This is a curiously conceived book. In his introduction, Mentgen begins by noting the “shocking” lack of attention the topic of astrology has received especially among German medievalist (p. 1). He also notes that the practice of astrology faced two significant obstacles throughout the medieval period—it had suffered legal condemnations since late antiquity, and certain aspects of it contradicted the Christian doctrine of human free will. Yet this book deals not at all with the long and complex history of legal or intellectual opposition to astrology. Neither does it intend to provide a complete survey of the practice of this craft in medieval times. Instead, Mentgen focuses on the issue of the public reception of astrological predictions. He notes the difficulty of defining a “public” in medieval times, with a nod to Habermas (pp. 10–12), but offers no resolution to this dilemma, and afterward treats it unproblematically.

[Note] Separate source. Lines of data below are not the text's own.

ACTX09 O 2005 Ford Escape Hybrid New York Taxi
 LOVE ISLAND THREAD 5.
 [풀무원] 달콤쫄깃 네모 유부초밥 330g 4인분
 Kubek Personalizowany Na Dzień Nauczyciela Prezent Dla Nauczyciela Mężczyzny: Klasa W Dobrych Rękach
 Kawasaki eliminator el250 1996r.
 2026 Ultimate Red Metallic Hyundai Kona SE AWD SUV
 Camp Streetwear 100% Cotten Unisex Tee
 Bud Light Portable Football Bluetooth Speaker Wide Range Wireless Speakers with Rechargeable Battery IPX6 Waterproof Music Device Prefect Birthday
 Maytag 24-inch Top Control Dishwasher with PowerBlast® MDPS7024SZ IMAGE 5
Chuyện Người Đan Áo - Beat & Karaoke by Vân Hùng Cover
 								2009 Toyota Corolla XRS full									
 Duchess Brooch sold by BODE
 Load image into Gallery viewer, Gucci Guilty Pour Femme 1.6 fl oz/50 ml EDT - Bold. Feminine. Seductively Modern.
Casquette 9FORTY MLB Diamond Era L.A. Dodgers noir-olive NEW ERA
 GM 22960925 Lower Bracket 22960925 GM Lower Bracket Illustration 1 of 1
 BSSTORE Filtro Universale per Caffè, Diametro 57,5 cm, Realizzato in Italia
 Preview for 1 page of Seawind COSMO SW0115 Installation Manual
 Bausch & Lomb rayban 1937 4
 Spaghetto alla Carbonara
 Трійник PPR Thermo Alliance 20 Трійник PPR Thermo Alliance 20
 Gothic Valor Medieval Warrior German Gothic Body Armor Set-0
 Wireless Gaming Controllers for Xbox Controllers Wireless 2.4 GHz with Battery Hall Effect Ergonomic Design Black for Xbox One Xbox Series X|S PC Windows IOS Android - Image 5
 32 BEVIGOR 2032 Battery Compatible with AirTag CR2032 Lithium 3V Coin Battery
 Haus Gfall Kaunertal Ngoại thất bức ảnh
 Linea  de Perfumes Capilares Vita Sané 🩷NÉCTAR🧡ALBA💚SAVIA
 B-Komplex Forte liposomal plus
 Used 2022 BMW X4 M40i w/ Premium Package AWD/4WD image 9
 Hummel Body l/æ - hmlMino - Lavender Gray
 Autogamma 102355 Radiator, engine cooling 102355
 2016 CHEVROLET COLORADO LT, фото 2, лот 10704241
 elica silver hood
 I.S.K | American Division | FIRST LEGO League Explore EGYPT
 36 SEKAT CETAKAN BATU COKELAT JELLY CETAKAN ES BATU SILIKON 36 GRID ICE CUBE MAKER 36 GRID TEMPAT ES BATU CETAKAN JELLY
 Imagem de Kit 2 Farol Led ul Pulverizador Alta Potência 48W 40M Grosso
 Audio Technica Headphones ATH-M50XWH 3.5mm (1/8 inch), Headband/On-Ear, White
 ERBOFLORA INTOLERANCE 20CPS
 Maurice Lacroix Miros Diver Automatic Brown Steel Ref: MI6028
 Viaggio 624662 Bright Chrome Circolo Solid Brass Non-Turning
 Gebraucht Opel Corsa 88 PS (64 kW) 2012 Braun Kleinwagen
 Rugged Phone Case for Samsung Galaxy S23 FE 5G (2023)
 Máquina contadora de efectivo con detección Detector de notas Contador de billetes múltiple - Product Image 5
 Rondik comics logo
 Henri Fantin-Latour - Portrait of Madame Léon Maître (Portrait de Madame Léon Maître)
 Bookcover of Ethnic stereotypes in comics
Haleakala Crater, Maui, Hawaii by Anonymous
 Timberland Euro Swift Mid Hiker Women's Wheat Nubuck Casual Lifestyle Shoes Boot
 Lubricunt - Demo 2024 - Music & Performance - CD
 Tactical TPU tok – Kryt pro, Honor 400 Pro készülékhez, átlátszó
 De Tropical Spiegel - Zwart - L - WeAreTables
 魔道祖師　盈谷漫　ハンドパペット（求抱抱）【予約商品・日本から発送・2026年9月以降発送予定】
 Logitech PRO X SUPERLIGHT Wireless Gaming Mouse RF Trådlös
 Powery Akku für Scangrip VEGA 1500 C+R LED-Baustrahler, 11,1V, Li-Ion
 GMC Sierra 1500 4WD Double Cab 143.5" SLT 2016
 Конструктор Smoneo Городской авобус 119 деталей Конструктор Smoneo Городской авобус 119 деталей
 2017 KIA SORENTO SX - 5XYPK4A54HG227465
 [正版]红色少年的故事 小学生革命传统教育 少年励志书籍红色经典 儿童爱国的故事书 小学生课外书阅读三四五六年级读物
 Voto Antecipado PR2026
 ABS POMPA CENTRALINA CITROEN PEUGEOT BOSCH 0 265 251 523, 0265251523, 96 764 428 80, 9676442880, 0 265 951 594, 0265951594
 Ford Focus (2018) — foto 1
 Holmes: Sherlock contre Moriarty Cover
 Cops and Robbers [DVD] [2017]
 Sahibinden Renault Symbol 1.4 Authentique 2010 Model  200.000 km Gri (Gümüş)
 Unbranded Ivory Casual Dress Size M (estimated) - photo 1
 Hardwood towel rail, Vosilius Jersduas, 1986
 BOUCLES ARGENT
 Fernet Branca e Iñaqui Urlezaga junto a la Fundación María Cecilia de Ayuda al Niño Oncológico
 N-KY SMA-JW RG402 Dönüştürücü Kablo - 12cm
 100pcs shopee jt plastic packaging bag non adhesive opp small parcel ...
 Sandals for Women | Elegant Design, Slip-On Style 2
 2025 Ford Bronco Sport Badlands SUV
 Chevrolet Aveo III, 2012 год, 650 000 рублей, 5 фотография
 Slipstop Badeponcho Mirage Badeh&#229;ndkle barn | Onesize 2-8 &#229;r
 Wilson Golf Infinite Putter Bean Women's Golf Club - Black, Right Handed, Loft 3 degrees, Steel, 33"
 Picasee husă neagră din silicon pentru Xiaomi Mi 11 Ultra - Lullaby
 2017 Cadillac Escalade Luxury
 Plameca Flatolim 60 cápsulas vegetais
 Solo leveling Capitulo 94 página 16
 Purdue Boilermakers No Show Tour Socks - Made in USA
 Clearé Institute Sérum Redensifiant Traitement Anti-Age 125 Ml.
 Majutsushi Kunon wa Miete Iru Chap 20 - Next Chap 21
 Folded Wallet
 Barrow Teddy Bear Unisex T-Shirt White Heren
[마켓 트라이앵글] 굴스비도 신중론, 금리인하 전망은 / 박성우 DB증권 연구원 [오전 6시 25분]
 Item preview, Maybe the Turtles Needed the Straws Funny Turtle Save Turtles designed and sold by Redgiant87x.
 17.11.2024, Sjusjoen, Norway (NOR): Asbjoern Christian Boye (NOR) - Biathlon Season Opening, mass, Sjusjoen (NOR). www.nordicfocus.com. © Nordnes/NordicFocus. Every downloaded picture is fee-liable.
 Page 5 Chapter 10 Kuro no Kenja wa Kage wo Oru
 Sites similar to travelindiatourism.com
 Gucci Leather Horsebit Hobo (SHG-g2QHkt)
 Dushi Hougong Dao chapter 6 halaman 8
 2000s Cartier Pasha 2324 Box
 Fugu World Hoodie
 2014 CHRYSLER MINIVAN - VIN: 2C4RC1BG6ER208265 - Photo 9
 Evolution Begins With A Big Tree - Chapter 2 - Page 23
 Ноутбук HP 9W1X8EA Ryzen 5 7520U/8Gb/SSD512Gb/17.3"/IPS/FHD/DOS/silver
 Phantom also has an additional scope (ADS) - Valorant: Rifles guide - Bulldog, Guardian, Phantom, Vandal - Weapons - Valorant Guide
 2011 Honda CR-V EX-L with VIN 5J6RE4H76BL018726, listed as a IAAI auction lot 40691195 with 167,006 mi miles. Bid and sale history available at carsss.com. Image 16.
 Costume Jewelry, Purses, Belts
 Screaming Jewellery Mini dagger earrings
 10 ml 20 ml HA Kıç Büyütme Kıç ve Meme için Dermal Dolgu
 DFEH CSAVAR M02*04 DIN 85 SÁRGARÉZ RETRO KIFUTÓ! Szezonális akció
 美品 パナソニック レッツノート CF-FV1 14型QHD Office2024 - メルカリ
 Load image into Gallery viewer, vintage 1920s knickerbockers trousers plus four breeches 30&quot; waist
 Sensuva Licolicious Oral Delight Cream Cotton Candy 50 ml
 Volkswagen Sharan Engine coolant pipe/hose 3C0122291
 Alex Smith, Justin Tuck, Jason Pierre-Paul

On the subject of astrological “Öffentlichkeit,” Mentgen intends to be comprehensive, covering the entire medieval period and all of Europe, but in fact he radically narrows his focus to only two issues (the second, admittedly, quite large). The book makes absolutely no attempt to unify its two entirely separate topics, and so is, in fact, really two separate books.

The first “book” Mentgen has written concerns the propagation of the so-called Toledo letter in all its variations from its first appearance around 1185 to its final fading from importance after 1524. The second concerns the place of astrology in the courtly culture of the twelfth through early sixteenth centuries. The subject of the first “book,” the Toledo letter, is perhaps the most famous prophetic text of the later Middle Ages. It circulated extremely widely and appeared in numerous variants, reissued repeatedly over the course of several centuries. There is no question that it reached a large (by medieval standards) public, but what relates it to the practice of astrology? The initial letter and many of its later variants were supposedly authored by astrologers. Moreover, Mentgen notes that the initial context of the letter’s [End Page 117] composition was a fearful astrological convergence in 1185 that promised to bring natural disasters in its wake. Many later variants of the letter were also connected with significant astrological convergences. Yet Mentgen’s analysis does not really focus on the astrological overtones that the letter, or its contexts, may convey. Instead, what emerges is a study of medieval prophecy, and as Mentgen admits, while many medieval prophetic texts had astrological components similar to those in the Toledo letter, many also did not. No attempt is made to analyze specifically astrological prophecy, or to contrast it to other variants of prophetic activity.

The second “book” is comprised mainly of a catalog-like survey of astrologers associated with various princely courts. Mentgen begins with a brief look at courtly astrologers in ancient Rome, Islam, Byzantium, and early medieval western Europe (each receives a few pages of treatment). He then narrows his focus to the later medieval West, and proceeds systematically with chapters on the twelfth, thirteenth, fourteenth, and fifteenth centuries (this last extending a bit into the early sixteenth). Each chapter is subdivided geographically, so readers are led on a tour through Europe. The deployment of sources covering such a wide area, both geographic and chronological, is impressive, but the analysis never goes very deep. Mentgen often does little more than name certain astrologers at various courts, provide their dates, and briefly describe their major activities. He makes little attempt to analyze how they were situated or operated within courtly cultures, as Jean-Patrice Boudet and Jan Veenstra, for example, have done in reference to specific courts in France and Burgundy. As for “public reception,” the existence of court astrologers seems enough evidence for Mentgen that they had a public; he makes no effort to discern how their predictions were received or utilized, or how this reception may have changed over time, as, for example, Hilary Carey has done for English court astrologers.